I recently found this old blog entry from seven years ago, when I was a newly-single mother, new home owner, and working a temp-to-hire admin position at a “beltway bandit” government contractor. That office was an awfully oppressive environment, in which the boss would spend hours berating his staff, and public shaming was one of his key operating procedures. Thankfully, I found a better position in less than six months, because this episode illustrates that, had I been there longer, things might have gone very badly.
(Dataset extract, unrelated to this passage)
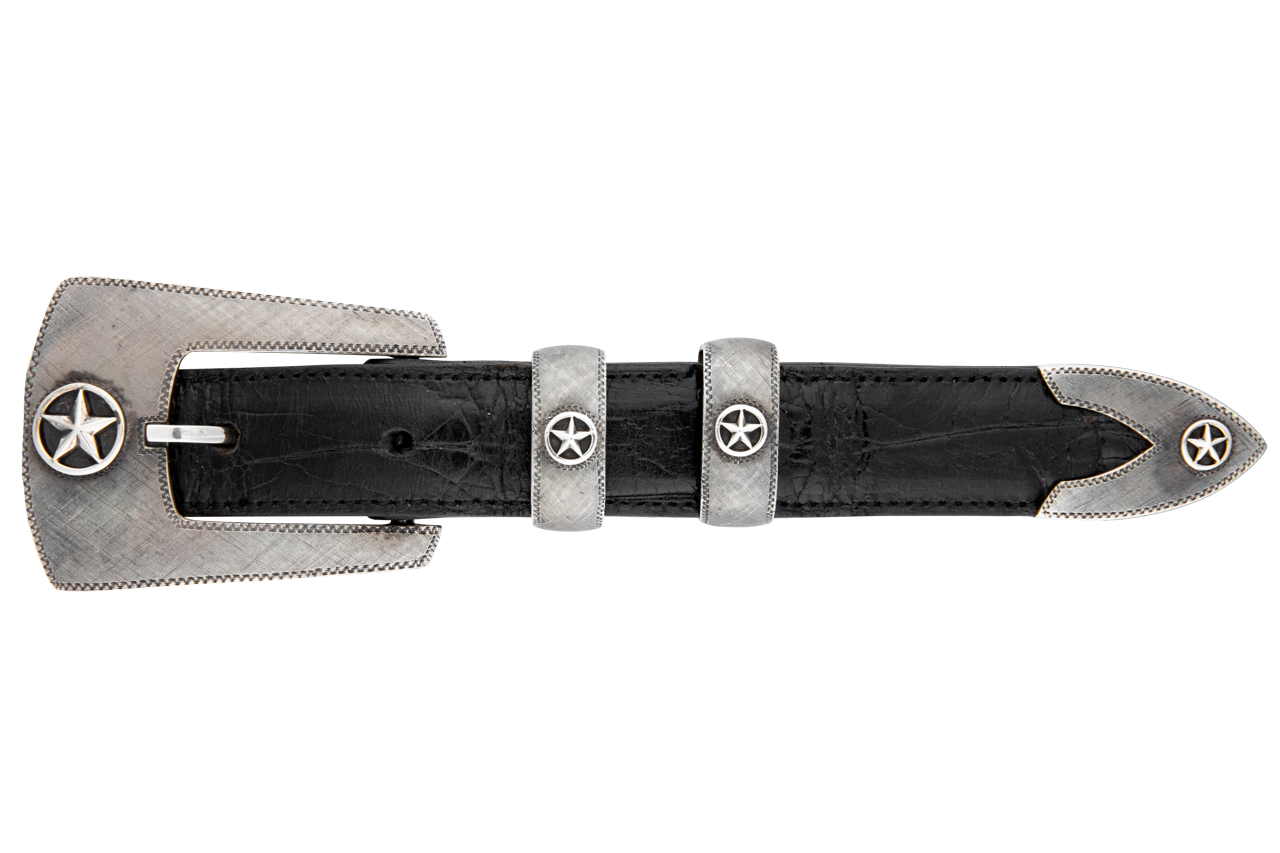 Aztec Star Engraved Buckle Set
Yesterday’s HR lunch seminar was about personal safety and home security, hosted by a guy who wanted to scare the employees into buying his pepper spray and other “safety” products. Early in the session the presenter asked questions about particular behaviors and told us why they were unsafe. One of the questions was, “Does anyone here take the stairs when coming to work in the morning?” I was the only person who raised a hand.
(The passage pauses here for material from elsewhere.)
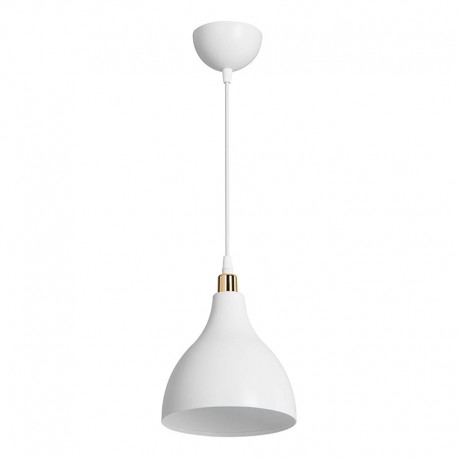 147-000130 Φωτιστικό οροφής μονόφωτο Lofty pakoworld Ε27 λευκό Φ18x56εκ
“Stairwells are dangerous!,” the presenter admonished. “Doors that are built to stop fire will also stop your screams if you are attacked,” he warned. “You need some of my pepper spray!” My response did not please him.
“I understand that pepper spray can be taken away and used against the victim,” I replied. Clearly annoyed by my response, the salesman tried to intimidate me with his next question, which came across almost as accusatory.
“Do you have a plan for what you would do in case you are attacked in the stairwell?” My instant reply rang with confidence.
“Yes!,” I answered, “I’ll kick his ASS!”
The room erupted into laughter, the speaker said, “THAT’S the attitude!” and held up his hand for a high-five. He continued to address me during the talk, often asking questions like, “What is your most immediate protective equipment?” and I answered nearly all with ease, so much so that he ended up telling me to refrain from answering later in the session, and began calling me “Toughie.”
Back in the admin area after lunch, the boss had assembled some of his staff in chairs in a semi-circle in front of my desk. Seated before me were two of the three engineers, the other administrative assistant, a guy from the lab, and a guy from IT. Our boss proceeded to explain that I had said the word “ass” in the corporate board room, and it was A Very Bad Thing. In front of everyone, our boss made a veiled threat when he implied that, because of this behavior, my direct hire papers may not go through. When he went on to harangue the lab guy about the lab’s invoice system, he brought up my behavior again, asking, “what happens when they don’t pay their invoice? Do you send Shay after them?” This was my first sample of the boss’ attempt to humiliate me into compliance. But he doesn’t know that “ugly don’t scare me.”
When talking about it later with one of the engineers–who had been there 13 years–the engineer said that “It won’t go away, and I don’t think it’s such an awful thing to be branded as ‘Kick Ass Woman.'” I suppose I can live with it.
PS- The next day, one of the engineers gave me a certificate he had made up, using “Batman Forever” font and purple and black letters. “Shay Seaborne, Kick Ass Woman” it stated in large type, and in tiny letters beneath, “I’ll kick his ass!” To date, is my most valuable certificate of achievement.